What you need to do: Among the records below, find the line with "dominantalex182 webcam model stream image" and the line with "GuestReady - Amazing". Set down both and every line between, exactly and with no pictures, but nothing else.

Given data:
=== Section Start ===
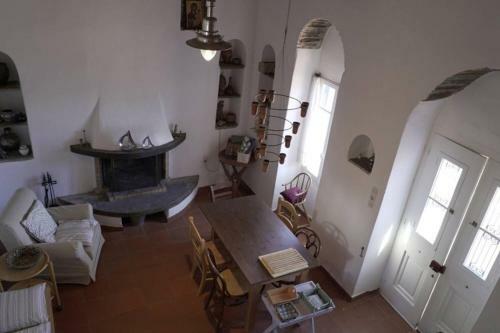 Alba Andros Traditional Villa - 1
=== Section End ===
=== Section Start ===
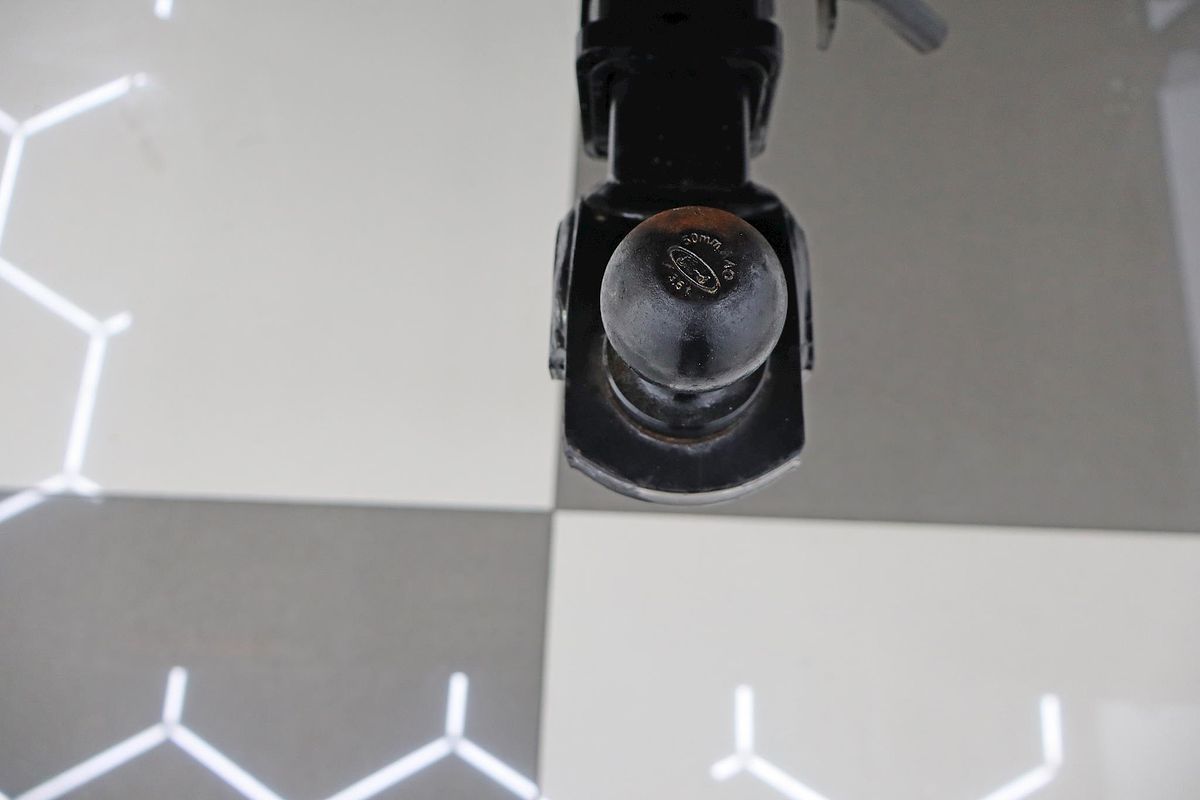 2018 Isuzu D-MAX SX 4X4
=== Section End ===
=== Section Start ===
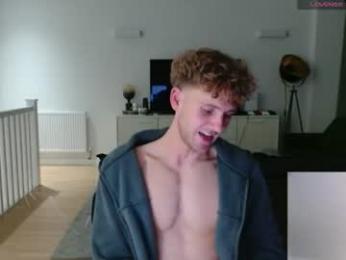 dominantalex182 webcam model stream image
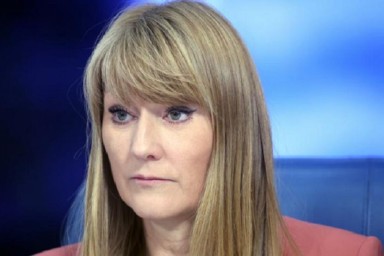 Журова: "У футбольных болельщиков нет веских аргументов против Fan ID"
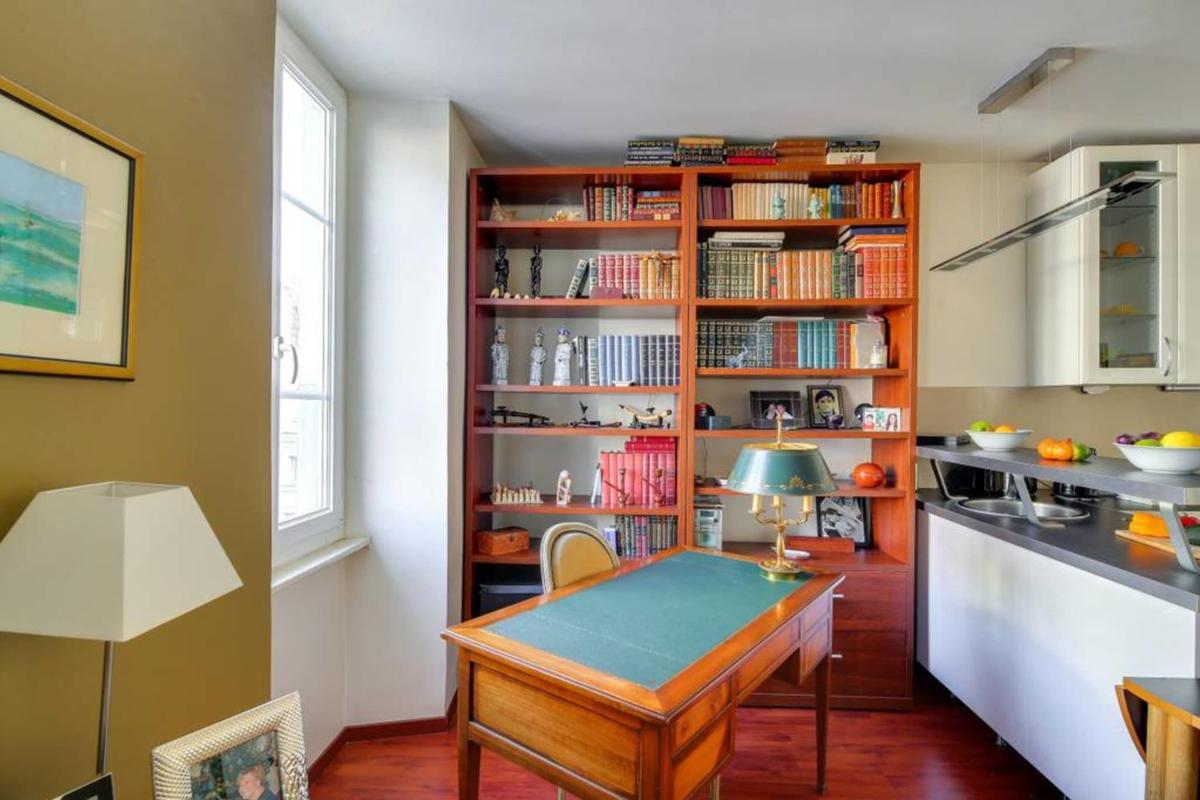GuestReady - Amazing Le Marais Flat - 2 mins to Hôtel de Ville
=== Section End ===
Answer area:
 dominantalex182 webcam model stream image
 Журова: "У футбольных болельщиков нет веских аргументов против Fan ID"
GuestReady - Amazing Le Marais Flat - 2 mins to Hôtel de Ville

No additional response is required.